◆ Task instructions
Transcribe the whole listing below. Pictures do not go in the copy.
(Beginning of Material for this exercise)
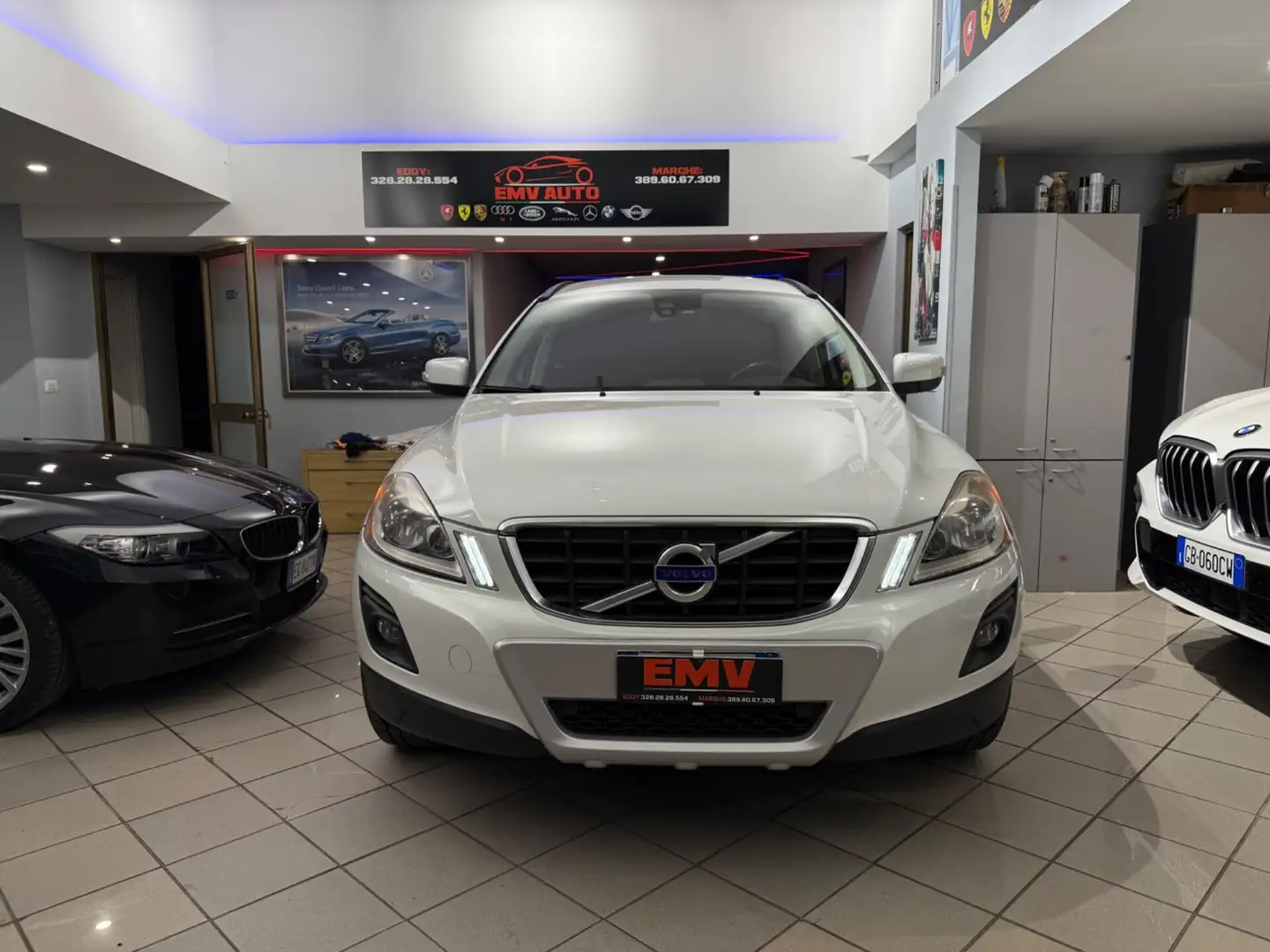 Volvo XC60 XC60 2.4 D 175 CV FWD DRIVe Summum Bianco - 2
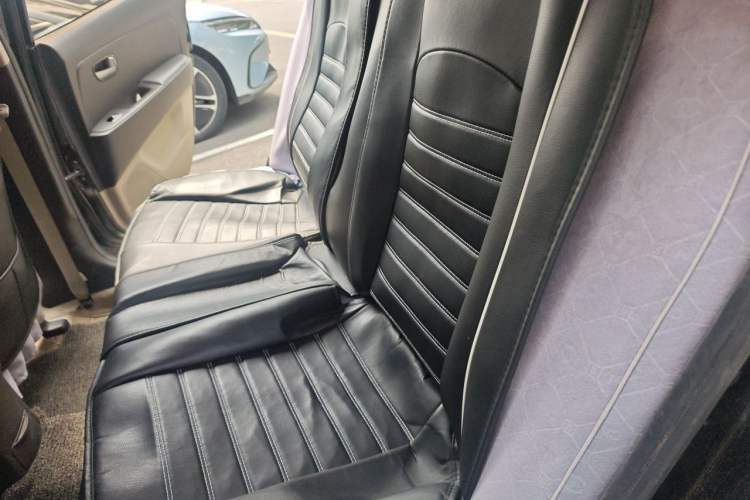 Used Hyundai Celesta 2011 1.6L Manual Comfort Edition Left Rear Seat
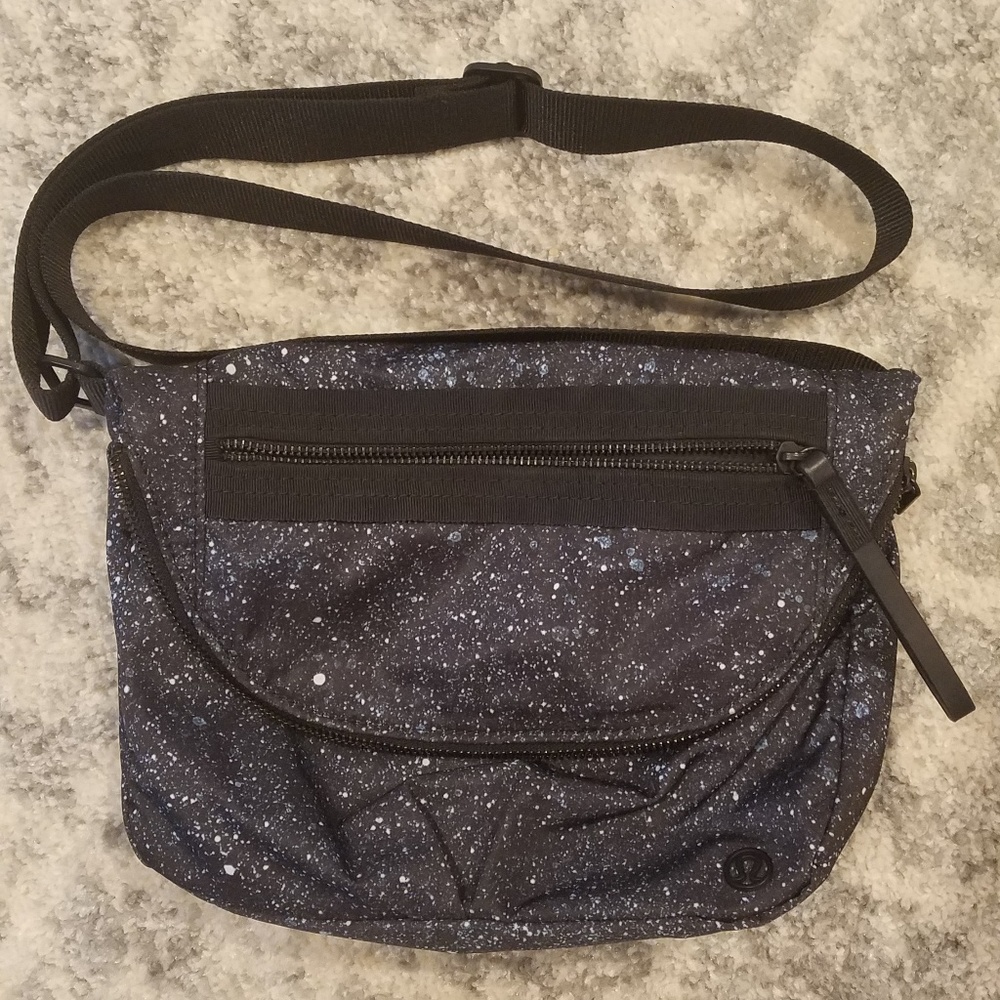 Lululemon Festival Bag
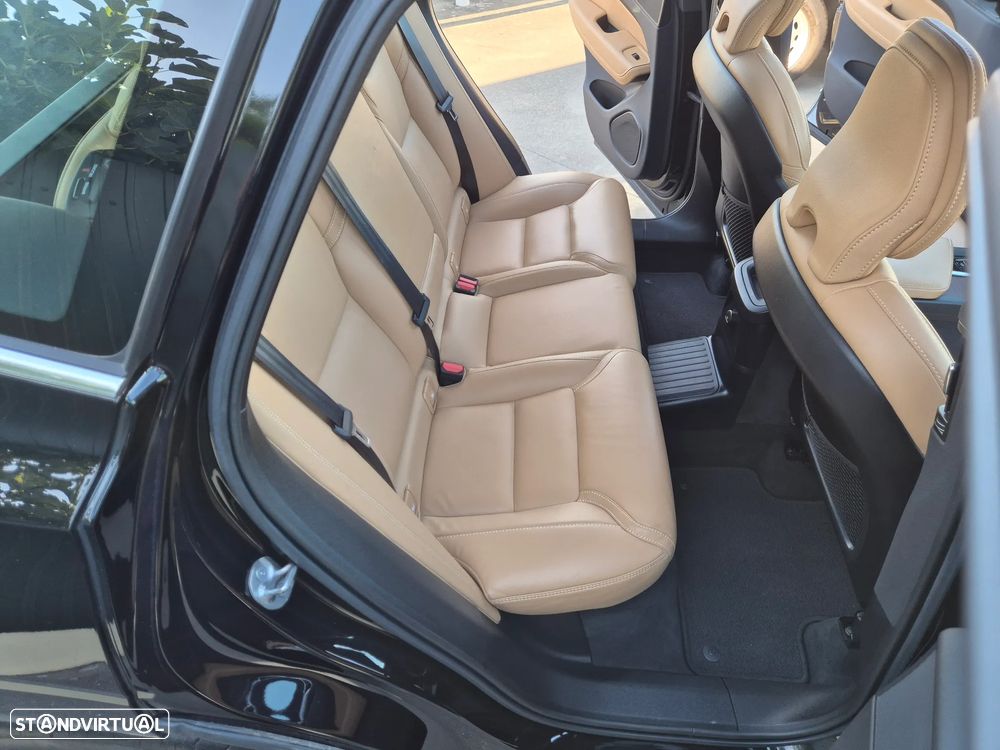 Volvo XC 60 2.0 T8 PHEV Inscription AWD - 53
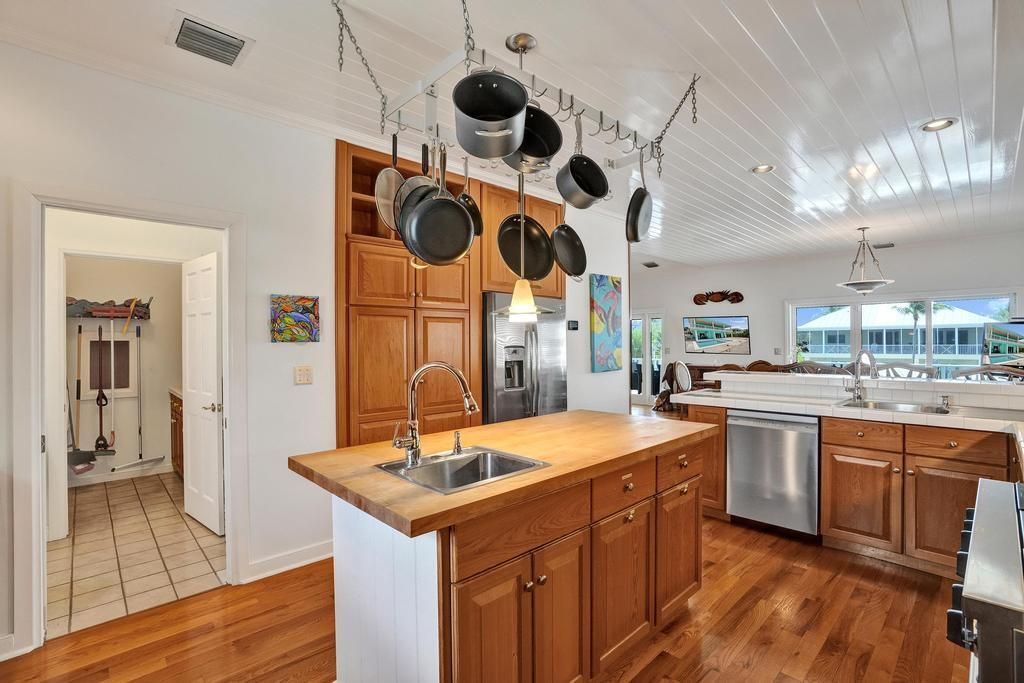107 Valencia Drive, Islamorada, FL 33036 Photo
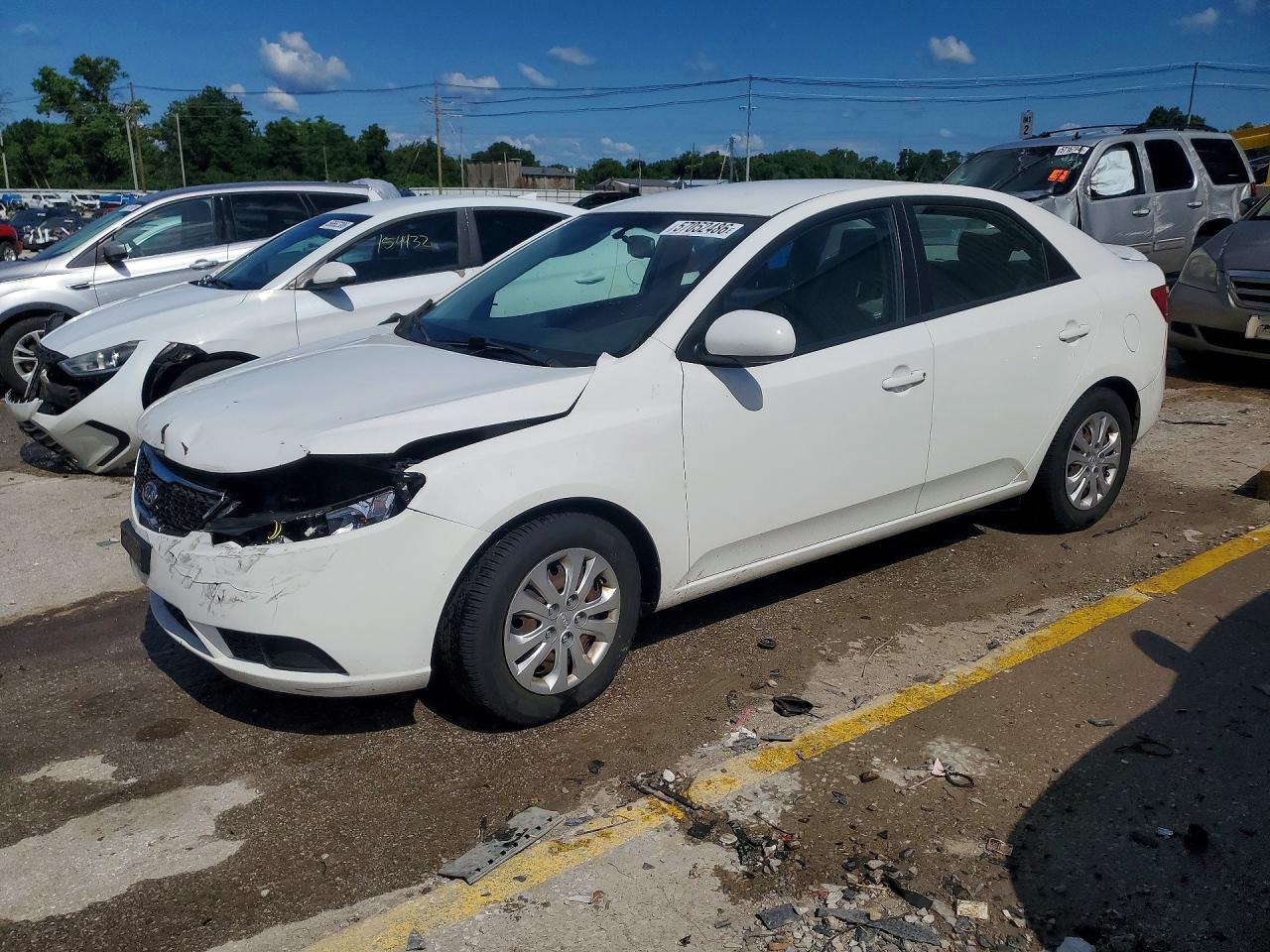 2013 KIA FORTE LX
(End of Material for this exercise)
◆ Your solution
 Volvo XC60 XC60 2.4 D 175 CV FWD DRIVe Summum Bianco - 2
 Used Hyundai Celesta 2011 1.6L Manual Comfort Edition Left Rear Seat
 Lululemon Festival Bag
 Volvo XC 60 2.0 T8 PHEV Inscription AWD - 53
107 Valencia Drive, Islamorada, FL 33036 Photo
 2013 KIA FORTE LX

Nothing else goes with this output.